Designing The Solution
Mini Cart & Cart
The mini cart and cart became key opportunities to increase average order value. I designed product upsells using data to identify which product categories worked best together, strategically encouraging users to add more items. Free shipping thresholds and promotional messaging gave users a clear incentive to add more. I also added an edit feature so users could swap between product SKUs without leaving the cart, reducing friction at the final stage. These optimizations worked together to boost order value while keeping the path to purchase smooth.
Designing The Solution
Design System & ADA Compliance
I redesigned the design system to align with RedBull's global brand while incorporating optimized components that addressed gaps in the global site. This maintained visual consistency while giving the US store custom team collection pages and improved site wide functionality.
Also ensured the entire site met WCAG 2.0 accessibility standards. This included proper color contrast, keyboard navigation, and screen reader compatibility across all shopping flows. By designing for accessibility from the start, we expanded the potential customer base and removed barriers that could prevent conversions.
Release And Evolve
A/B Testing
We deployed the redesign in phases, A/B testing each major component against the existing shopping experience. We tracked performance against conversion rate, average order value, and returning customer metrics, making refinements to micro interactions between phases based on user behavior patterns. Early testing showed positive movement toward our goals with no decline in baseline conversions, which validated the full rollout.
Release And Evolve
Annotations & Design QA
I created detailed design annotations and specifications that reduced ambiguity for engineers and minimized bugs during development. During design QA, I tested across browsers and devices to catch responsive breakpoints, interaction states, and edge cases before they reached production. This collaborative QA process ensured the final experience matched the design vision while enabling a faster, smoother rollout with fewer revision cycles.
Results
Metrics
37% increase in returning customer rate
49% increase in total sales
8% increase in average order value
Conclusion
By solving friction areas across the shopping journey, the RedBull US store exceeded expectations. The success led RedBull's global team to incorporate key optimizations into their own storefront, proving that thoughtful, data-driven design improvements can scale beyond their original scope.
Challenges
Aligning diverse stakeholder priorities around a unified product vision everyone could support.

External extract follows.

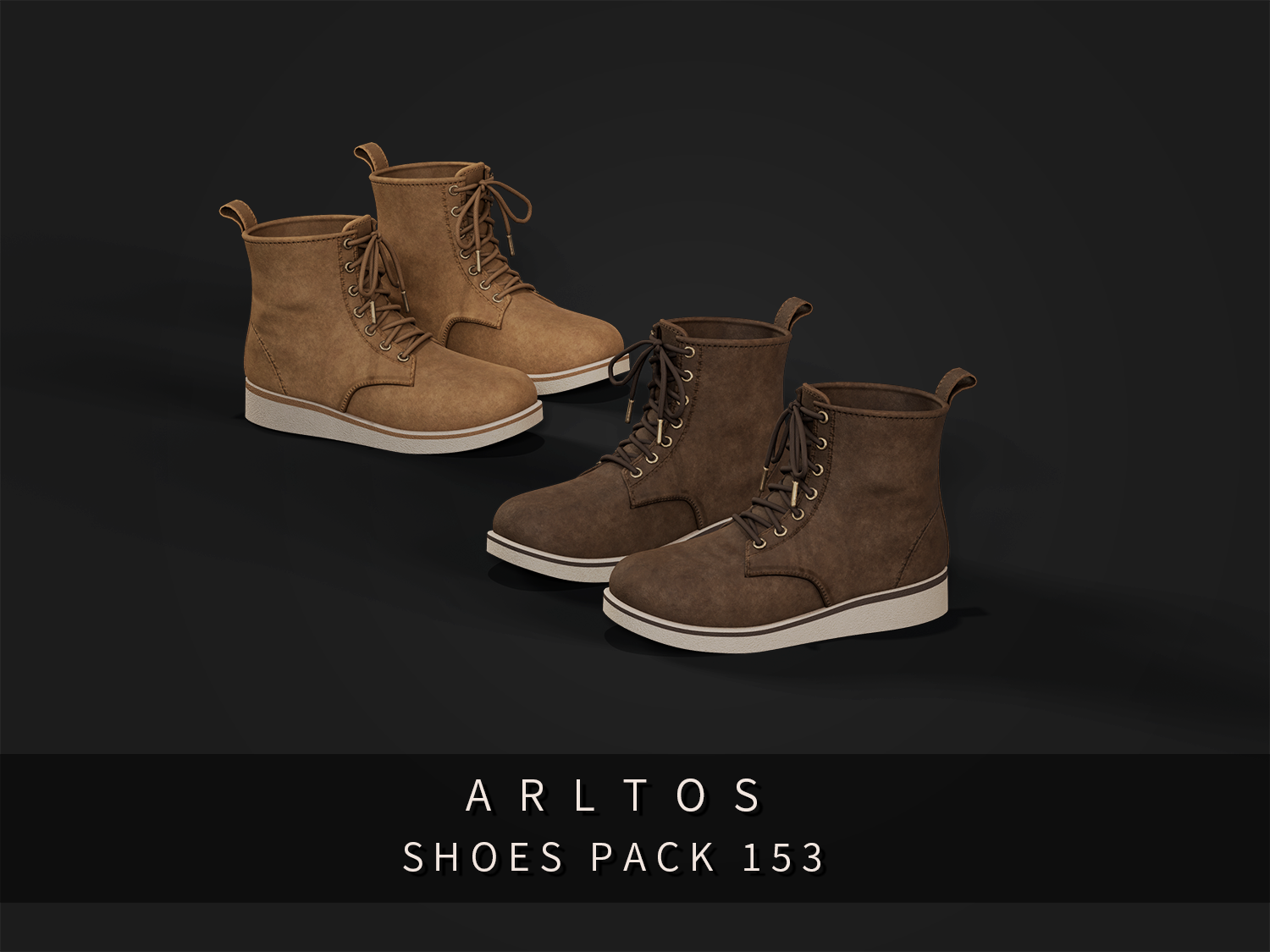 картика мода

Ensuring the design was responsive and worked seamlessly across breakpoints.
Lessons Learned
Multiple friction points don't exist in isolation, they compound to hurt conversion. Fixing them holistically had a greater impact than tackling each separately.
Phased A/B testing validated our design decisions and revealed user behaviors that helped us refine micro-interactions.
Future Recommendations
Continuous Testing & Iteration
Establish an ongoing testing framework for new user friction points and unexpected edge cases as behavior evolves, ensuring the site adapts as product lines and traffic patterns change.
Optimize For Mobile Behaviors
With mobile traffic high for RedBull's audience, conduct mobile-specific research to identify unique friction points and design mobile-first features (swipe gestures, simplified navigation).
Leverage Purchase Data
Use historical purchase data and cart combinations to refine product upsells beyond category matching by pairing products that customers actually purchase together.
Scale The Component Library
Expand the design system to support additional product categories and seasonal campaigns, maintaining consistency as RedBull's catalog and marketing initiatives grow.